Я не знаю, насколько Аркадий действительно разбирался в философии, но он мог не бояться разоблачений – о солипсизме нам было известно только то, что его ругал Ленин, - этого нам было достаточно.

Молодости честолюбие свойственно. Не лишен его был и Аркадий. Но он не мог идти по тому пути, в котором, оставаясь похожим на всех, надо добиваться во всем превосходства и быть первым. Поэтому он избрал путь – быть первым в том, чтобы быть не похожим на всех.

Некоторыми чертами, например дендизмом, Аркадий был похож на Чаадаева. Чаадаев был человеком Х1Х века, непохожим на всех. И его объявили сумасшедшим. Мне думается, Аркадий мечтал, чтобы его тоже объявили сумасшедшим. Но эпоха не давала ему такой возможности. И он рано понял, что эпоха ему вообще не даст никакой возможности. Не даст любить то, что он любил, что хотел любить, не даст ему жить по его возможностям.

 

«Над нами повсюду железное «надо»…

Я думаю, протест Аркадия против своей эпохи зарождался как протест против бытового неэстетизма.

Свою вторую литературоведческую книгу «Сдача и гибель советского интеллигента. Юрий Олеша» Белинков начинает так:

Я пришел домой и увидел на двери нашей комнаты приколотую записку. Вот что там было написано:
«Аркадий. Я опять ничего не успела. Сходи, пожалуйста, в магазин, купи: хлеба полкило, если есть – обдирный, макароны одну пачку, мыло хоз. один кус., соль одна пачка. Я работала целый день и опять ничего не успела. На тумбочке 80 к. Должна быть сдача. Пожалуйста, не потеряй. Целую, Наташа. Извини, что отрываю тебя, но ведь надо же как-то жить. Целую, Наташа».
Я это воспринимаю не просто как свидетельство того, что литературоведческая проза Белинкова была и художественной прозой. Для меня это свидетельство того, что с ранних лет крепким гвоздем запало в его душу.

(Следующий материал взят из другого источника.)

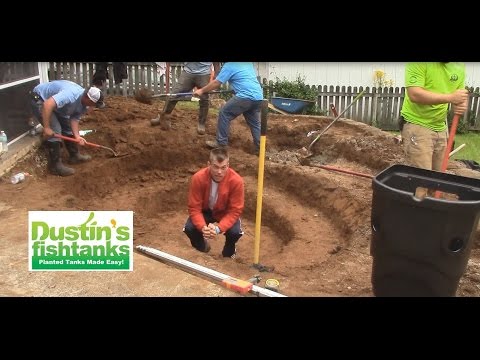 How to build a garden pond  Digging it out Video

Эпоха вела войну против художника, и прежде всего – на бытовом уровне. В дневнике (11.06.42) я прокомментировал строчку Наровчатова «Над нами повсюду железное «надо»…»:

Всё это было бы не так плохо – беда в том, что фактически над нами железное «не надо». Если это ирония, то очень горькая. До чего обидно становится жить!
Аркадию надо было сидеть за столом, читать, думать, писать. Создавать произведения, которые, как он был убежден, нужны многим и многим. А вот плестись с авоськой, путаться в сдаче, бояться потерять последние гроши, чтобы завтра семья не осталась без хлеба, - это ему было не надо.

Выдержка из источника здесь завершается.